In Imperial China, political meritocracy was institutionalized by means of the imperial examination system that put successful candidates on the road to fame and power.
Whatever the flaws of the system, it did provide a minimal standard of talent selection and allowed for a modest level of social circulation. The examination system spread to Korea and Vietnam and also influenced the development of civil service examinations in Western countries.
In the post World War II era, East Asian societies developed rapidly at least partly due to the sound decision-making of meritocratically-selected political rulers.
Today, political surveys show that there is widespread support for the ideal of political meritocracy in East Asian societies with a Confucian heritage.
In China, Shi Tianjian and Lu Jie show that the majority of people endorse “guardianship discourse,” defined as the need to identify “high quality politicians who care about the people’s demands, take people’s interests into consideration when making decisions, and choose good policies on behalf of their people and society” over liberal democratic discourse that privileges procedural arrangements ensuring people’s rights to participate in politics and choose their leaders.
The idea of political meritocracy is also central to Western political theory and practice. Plato famously defended a meritocratic political ideal in The Republic: the best political regime is composed of political leaders selected on the basis of their superior ability to make morally informed political judgments and granted power to rule over the community.
Meritocracy was influential throughout subsequent history, though subsequent thinkers rarely defended a pure form of political meritocracy. U.S. founding fathers and 19th century “liberal elitists” such as John Stuart Mill and Alexis de Tocqueville put forward political ideas that tried to combine meritocracy and democracy.

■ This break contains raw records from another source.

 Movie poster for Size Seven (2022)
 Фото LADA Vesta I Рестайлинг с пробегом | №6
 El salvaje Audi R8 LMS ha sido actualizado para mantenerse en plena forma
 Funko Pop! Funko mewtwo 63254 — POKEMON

Yet theorizing about meritocracy has all but faded from modern Western political discourse. There are hundreds if not thousands of books on the theory and practice of democracy, but it is hard to think of a single recent (and decent) English-language book on the idea of political meritocracy.

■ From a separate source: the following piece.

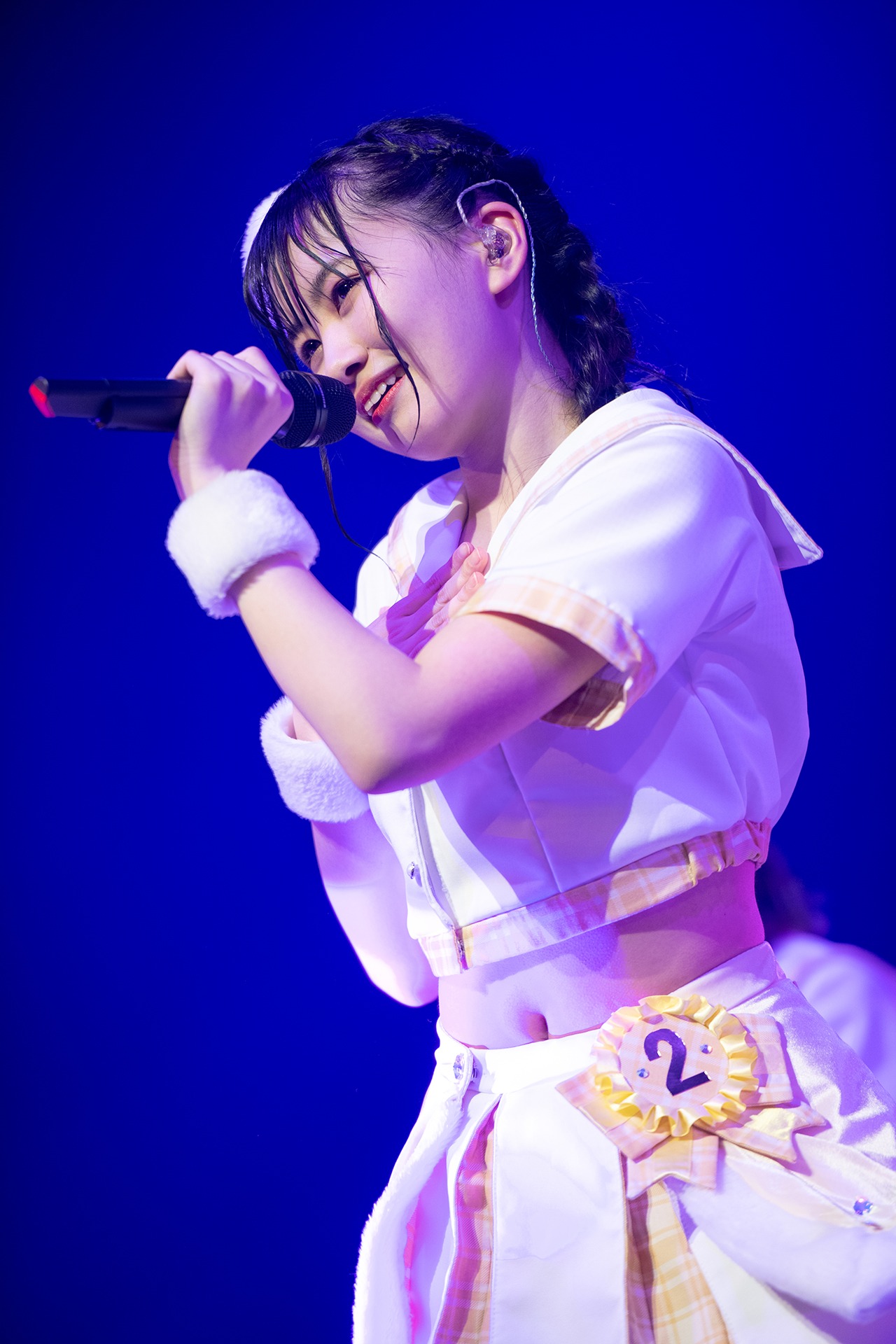中村朱里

The dearth of debates about political meritocracy would not be problematic if it were widely agreed that liberal democracy is the best political system (or the least bad political system, as Winston Churchill famously put it).
But there are growing doubts. The “crisis of governability” in Western democracies caused by the unprecedented globalized flow of goods, services, and capital has been well documented by political scientists. Capitalist interests have disproportionate power in the political process, especially in the American political system which has been described, perhaps not unfairly, as one-dollar one-vote rather than one-person one-vote.
Political theorists have raised questions about the voting system itself. Part of the problem is that voters are often selfishly concerned with their narrow material interest, and ignore the interests of future generations and people living outside national boundaries who are affected by the policies of the government.
Jason Brennan has argued that voters should stay away from the voting booth if they cannot make morally informed political judgments. Certainly there are some issues where the pursuit of narrow economic self-interest at the voting booth could lead to disastrous consequences for non-voters who lack representation (consider global warming).
Just as worrisome, perhaps, voters often misunderstand their own interests. Drawing on extensive empirical research, Bryan Caplan shows that voters are often irrational and he suggests tests of voter competence as a remedy. Of course, such proposals are non-starters in liberal democracies.
The principle of political equality expressed in the form of one person, one vote has assumed quasi-sacred status today. In the nineteenth-century, John Stuart Mill could propose extra votes for educated people, but today proponents of such proposals are considered (in Western countries) to have lost their moral compass.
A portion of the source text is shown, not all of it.